長文で何回かに分けて書きそうな予感がするのでイキナリその1ですw 先日の静岡公演で無事千秋楽をむかえたなっちの2006春コンですが、全22公演中10公演を見に行きました。 なちあや派と言ってる割にはあややコンの半分にも満たない公演数しか見ていないですが、これにはワケがありまして… まずはそこから。 めちゃくちゃ長いです。


□なぜあややコンの方に惹かれたのか
なっちコンとあややコンって同じハロー!プロジェクト仲間のソロコンサートではあるけど、この春のコンサートについて言えば方向性が180度違います。 この違いはアーティストのスキルやキャラクターうんぬんというよりは制作サイドの演出における方向性に起因しているように思います。
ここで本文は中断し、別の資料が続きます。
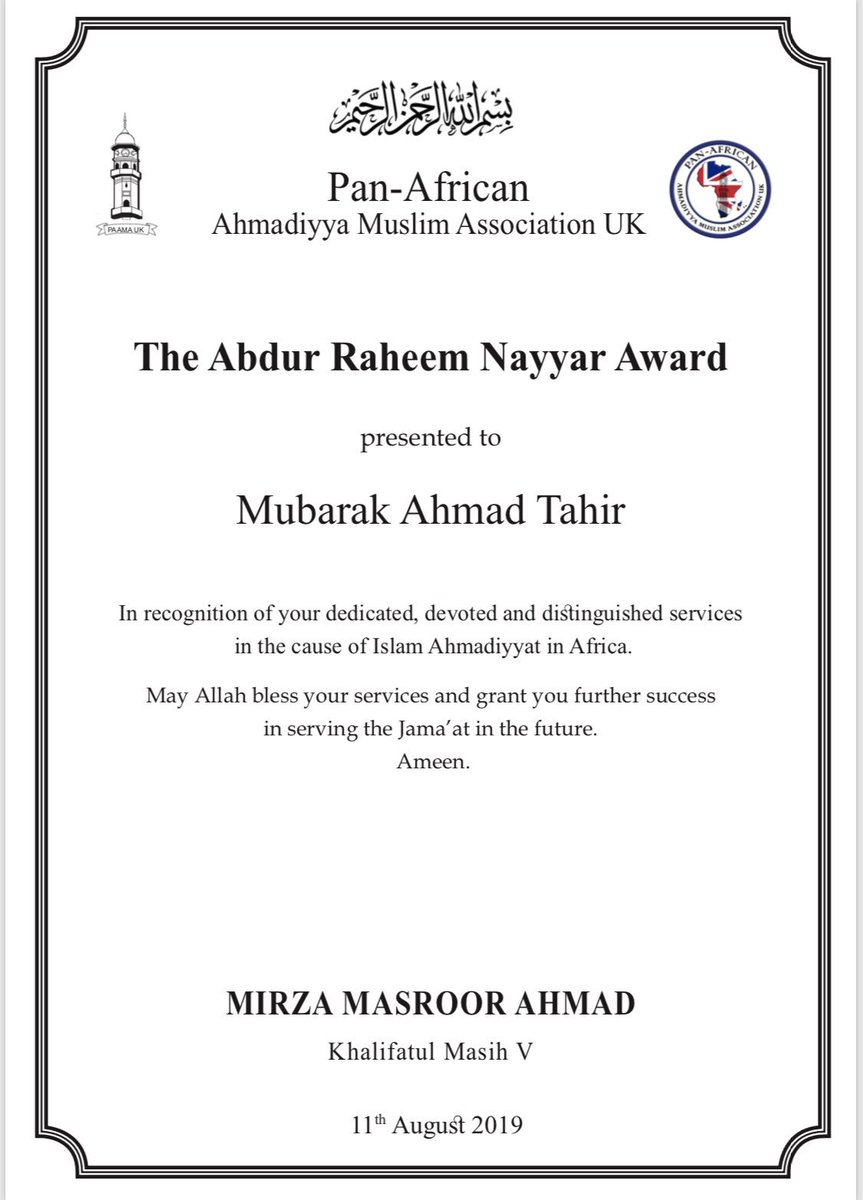 PAAMA_UK's tweet photo. Respected Mubarak Ahmad Tahir receiving the Abdur Raheem Nayyar Award 2019 from His Holiness Hazrat Mirza Masroor Ahmad for 15 years service as a teacher, principal and missionary in #SierraLeone🇸🇱 and for his continued services to #Africa as Secretary Majlis Nusrat Jahan. https://t.co/etoscIMcjQ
なっちコンは見た人ならわかりますが、細部まで考えた演出を拠り所にステージを構成していました。 もちろん例外もありますが、MCも含め、ガチガチと表現してもいいくらいの演出がされていたと思います。 MCは一見フリーに話しているように見えましたが、なっちが本当にフリートークしている場を見たことある人なら、あの声のトーンで抑えてしゃべっているのがわかったはずです。(だからこそ千秋楽の最後のMCの赤裸々な告白は衝撃的ともいえました。)


春コンを象徴する曲のひとつとして「エレベーター二人ぼっち」があげられます。 なっちは歌のフリの範疇を超えた、ひとり芝居ともいえる演技をしながら歌いました。 小道具のソファーや凝った照明などで印象的な場面のひとつでしたが、立ち位置まで細かく決められていたからこそ可能な演出です。 純粋に歌声というものを捉えると、どこに立って歌おうが関係ありませんが、そこになんらかの演出を加えて、より歌の世界を魅力的に見せよう聴かせようとするのは歌い手の生身の姿が見えるコンサートという場を考えれば当然かもしれません。 
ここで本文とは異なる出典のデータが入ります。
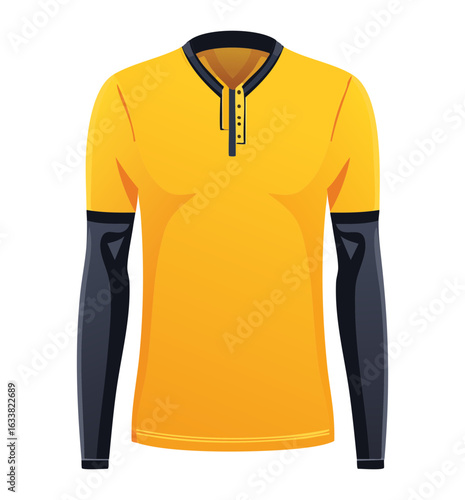 Yellow Sport T-shirt With Black Long Sleeves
この曲のように、演出された要素で構築した世界というのは、その演出が理想とする姿があるはずです。 そしてその理想の姿からはずれることは決して良いことではありません。 単純に言うと立ち位置を間違えたら即NGだし、照明のタイミングがずれたらぶち壊しです。 
そして、このような世界というのは舞台を作り上げている人達が熟練してくればくるほど質的に均質になっていかざるをえません。 どんどん理想に近づいていくわけですから。 具体的なビジョンがあったかどうかは不明ですが、ある枠組みの中でスキルのある人達が目標を持って努力すればそうなるのは必然でしょう。 


一方のあややコンは一言で表現すれば「わがまま」です。 もちろんベースとなる演出はありますが、歌そのものも含めてすべてあやや自身が支配しているように見えます。 公演毎にコロコロと変わる歌い方や、適当に会場の声を拾いながらのMC、ふざけているように見える共演者とのやりとり等々、誰かの筋書きがあるようには見えません。 すべてはあややの気分次第です。 松浦亜弥という人は以前からこういう傾向がありましたが、この春コンではそれが顕著に出ているように思えます。 そして重要なのは、あややの気分が客席にダイレクトに伝わってくる(気がする)ところです。 エンディングの多幸感などはあやや自身が楽しそうだから、と言ってもよいでしょう。 
自由気ままで枠組みがない(あるいはおおざっぱな枠組みしかない)状態なので、振り幅は360度自由自在です。(歌詞まで自由自在なのはアレですがw) コンサートが始まってみるまでどうなるのかさっぱりわからないワクワク感があります。


方向性の違いなので優劣は関係ありません。 理想に向けてどんどん魅力的な表現を身につけていくなっちと、昨日は最高だったけど今日は最低かもしれないあやや。 元々ライブ大好きで演出が最重要ともいえる演劇方面にはあんまり興味がないせいもあってか、どうしてもあややの方に惹かれてしまいます。 単純に歌手としてはなっちもあややも同等に好きですが。